Musings on the Strange Pro-China Left

A wedding dress shop in Sandimen.

SCMP reports on a PRC general who threatened Taiwan while kvetching about Hong Kong.
Sun had been discussing the important role of competition in Sino-US ties and maritime territorial disputes in the East and South China seas, when he touched on the risk China faced in terms of subversion campaigns by foreign states.

"Hostile forces have always attempted to make Hong Kong the bridgehead for subverting and infiltrating mainland China," Sun said. "The illegal Occupy Central activities in 2014 came as minority radical groups in Hong Kong, under the instigation and support of external forces … orchestrated a Hong Kong version of a colour revolution."

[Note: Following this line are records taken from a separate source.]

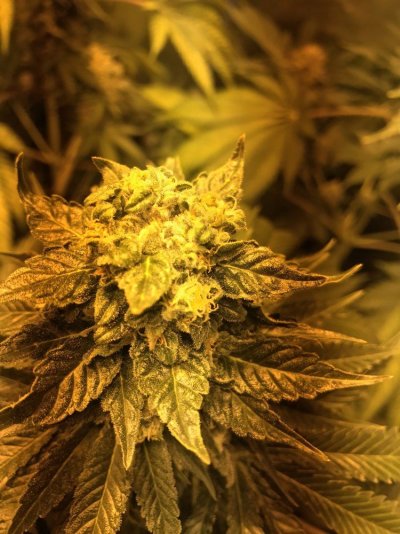 First Time Growing Help With Trichomes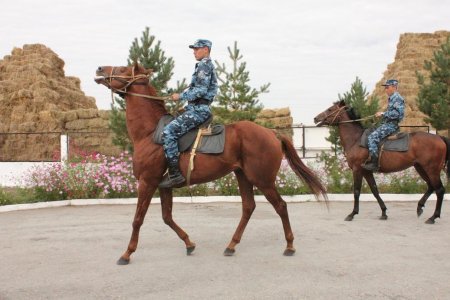 Кавалерийский взвод батальона патрульной полиции УВД полностью обновил поголовье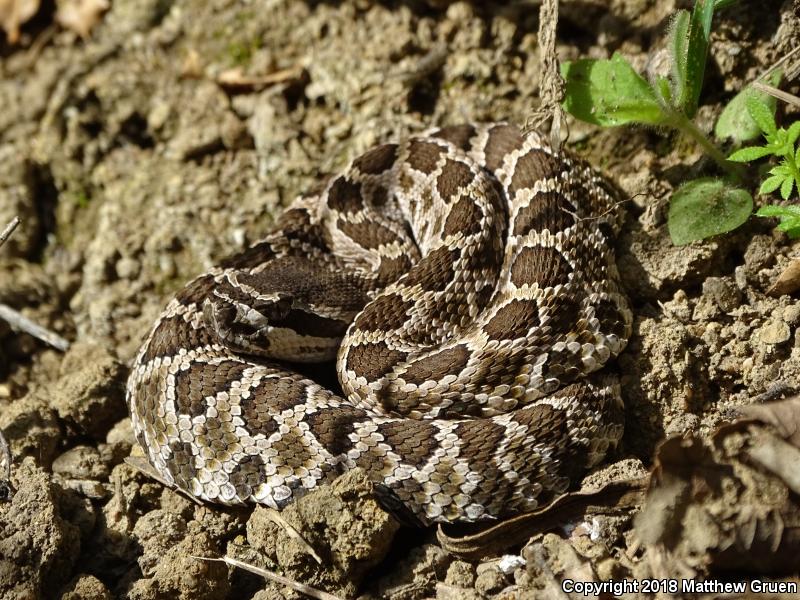 Southern Pacific Rattlesnake (Crotalus oreganus helleri)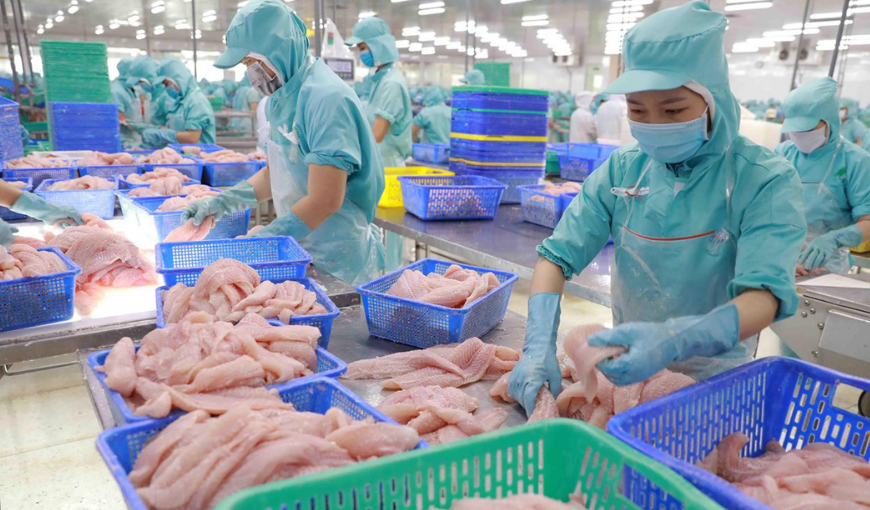 Vietnam's seafood exports to the EU reach more than 500 million USD (1)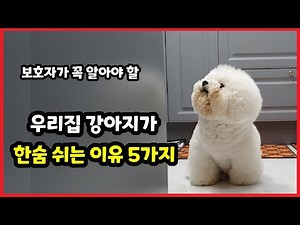 Why do dogs sigh? 【Cute Dogs! / Dog Sigh meme】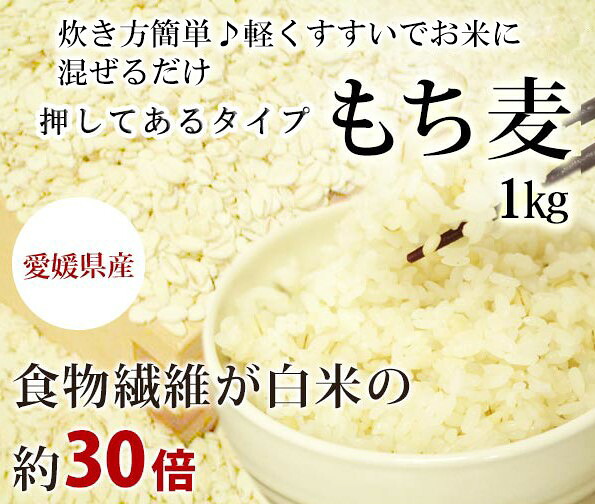 楽天市場 もち麦 押し 1kg 愛媛県産 白いもち麦 オリジナル 雑穀米 ダイエット 国産 大麦 もちむぎ 食物繊維 押してある もっちり ご飯 健康 美肌効果 穀物 低カロリー 美肌 簡単 もちもち ダイエット効果 食品 もち麦ごはん 愛媛県 おいしい 国内産 1キロ Bグルカン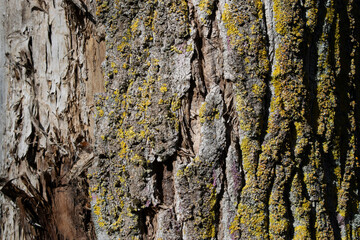 Fondo de corteza de un árbol.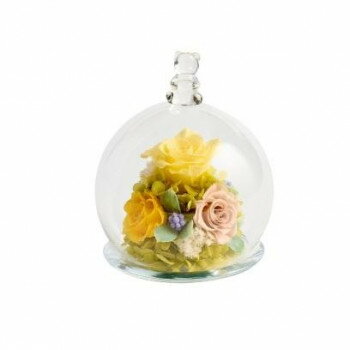 ガラスの中の小さな世界ガラスドームで包まれているので全方向から眺められます。※ガラス蓋は固定されていません。サイズ品寸:Φ12×H15cm、内箱:W15×H17.5×D15cm個装サイズ：12.0×12.0×15.0cm重量400g個装重量...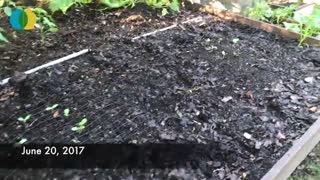 کود برگ چیست؟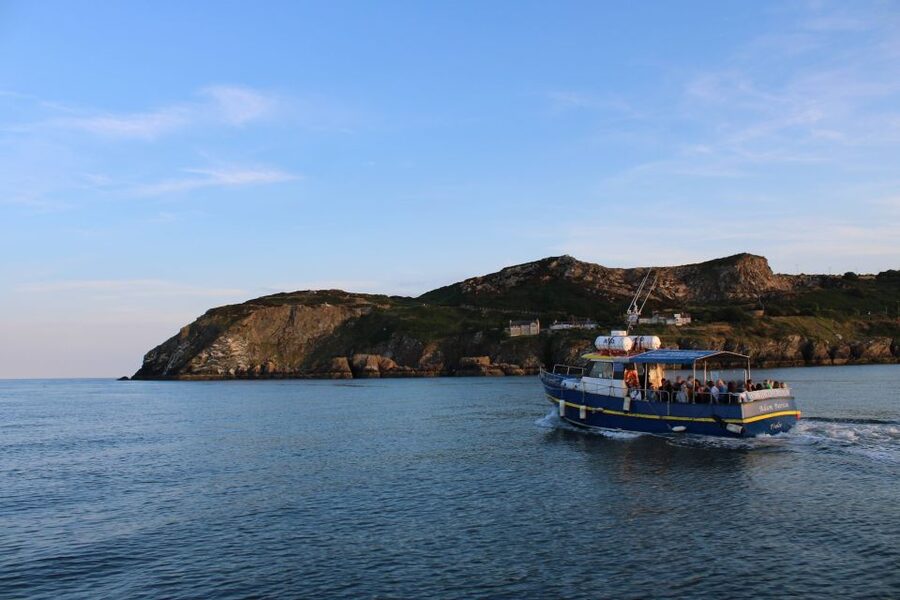 Dublin: Howth Cliffs and Lighthouse Cruise - Getting to the Pier: West Pier Check-In Is Straightforward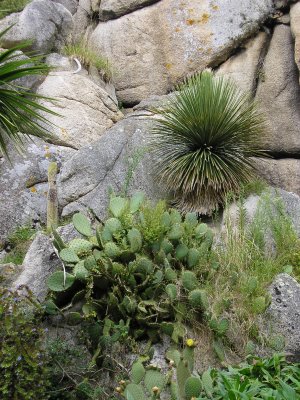 succulents growing on Roc'h Hievec an 18m high granite tor.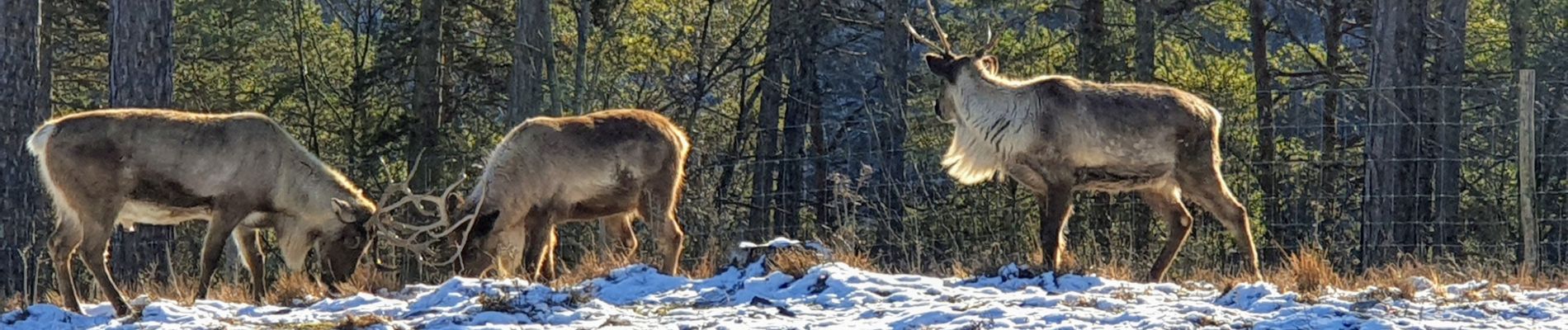 Tour Wandern Rochefort - Parc Animalier de Han - Photo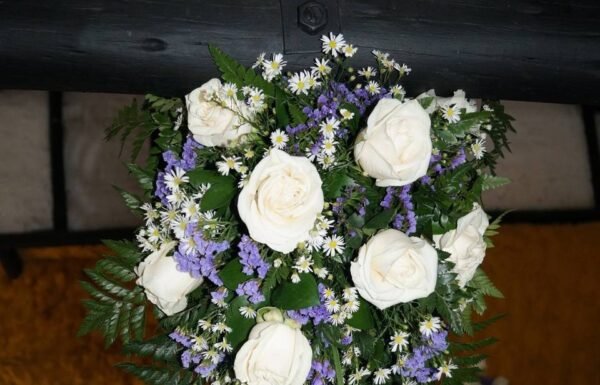 Categoría Galería clasificados Eventoco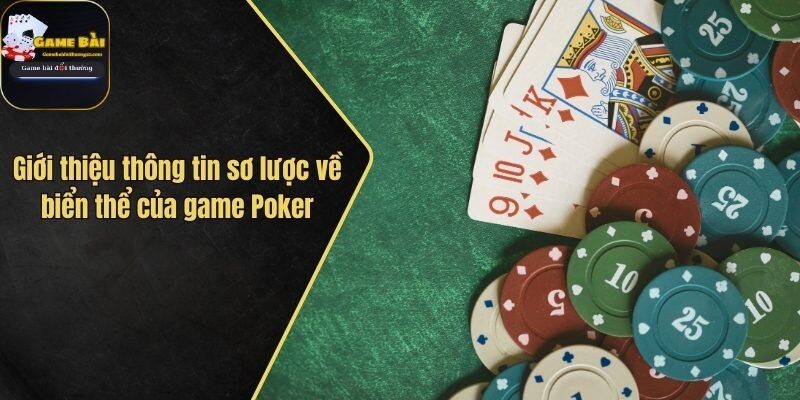 Poker Texas Hold’em – Quy Luật Chơi Bài Chuẩn Nhất 2024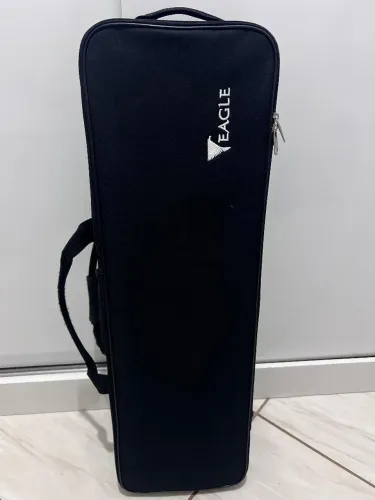 Violino Eagle
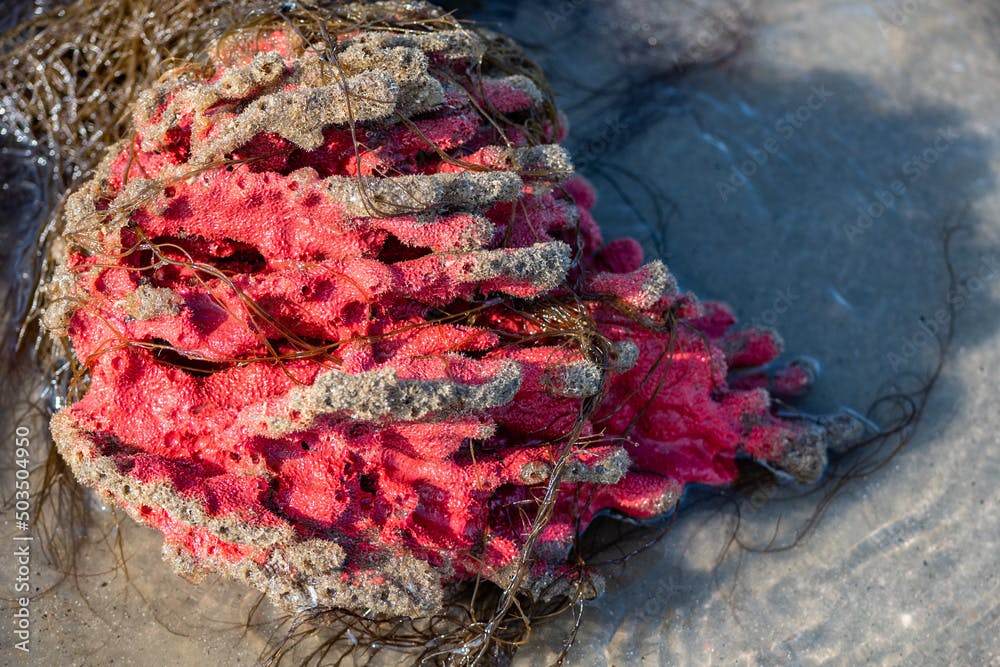 Red beard sponge (Clathria prolifera) in the surf on a sandy South Carolina beach, Atlantic Ocean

He said the central government had shown firm support for the Hong Kong government in dealing with the protests, and that Beijing's defence of "one country, two systems" should also serve as a warning to Taiwan's pro-independence forces.
It is an article of Chinese propaganda that the Hong Kong protests were controlled by foreign forces (read: The US). This has been picked up by weirdo pro-China left as an article of faith. Indeed, there's a fellow on Facebook whom I religiously follow because he reliably forwards the pro-China propaganda line, which helps me separate out the propaganda from the reality.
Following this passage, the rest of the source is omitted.